The pills help her manage the realities of her good-looking life: that her husband is distant, that her daughter is acting out, that her father’s Alzheimer’s is worsening and her mother is barely managing to cope. She tells herself that they let her make it through her days… but what if her increasing drug use, a habit that’s becoming expensive and hard to hide, is turning into her biggest problem of all?
With a sparkling comedic touch and a cast of unforgettable characters, this remarkable story of a woman’s slide into addiction and struggle to find her way back up again is Jennifer Weiner’s most masterful work yet.

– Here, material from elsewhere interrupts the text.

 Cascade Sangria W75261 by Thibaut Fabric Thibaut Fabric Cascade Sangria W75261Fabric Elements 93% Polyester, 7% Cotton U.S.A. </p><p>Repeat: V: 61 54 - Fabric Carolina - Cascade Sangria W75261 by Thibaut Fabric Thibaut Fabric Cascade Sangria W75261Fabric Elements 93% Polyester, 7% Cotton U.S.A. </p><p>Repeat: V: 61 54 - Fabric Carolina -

I’d never read any of Jennifer Weiner books but I was told that she was a pretty good writer. And I did see the movie version of her book In Her Shoes, which I thought was very good. So when I saw this was her latest book it sounded pretty interesting to me. I have to say I was impressed with her writing style and the subject sparked my interest as well. I have known a few people with prescription drug addiction and saw firsthand the struggle they had to deal with to overcome it.
Her story is compelling and well-written. I would love to know the type of research she did for this story because she seriously did her homework. Allison is real. She can be any one of your friends or neighbors; she could be any one of us. I traveled on her journey rooting for her to find a way to pull herself together and in the end, she did. It was not easy for her, though. Which in real life it’s not. I found it hard to put down.
This book gave me a completely new insight to addiction. I don’t understand how someone quits or why they relapse. I know it is fiction but it was really well written. It wasn’t a depressing book and she even had some very funny moments in it. While it’s easy to see how Allison’s life spiraled out of control, you can’t help but root for her recovery. I have to admit, I was a little disappointed with the ending. For a story that had so much intrigue throughout, the end was kind of blah. I can see myself definitely reading another one of her books, though.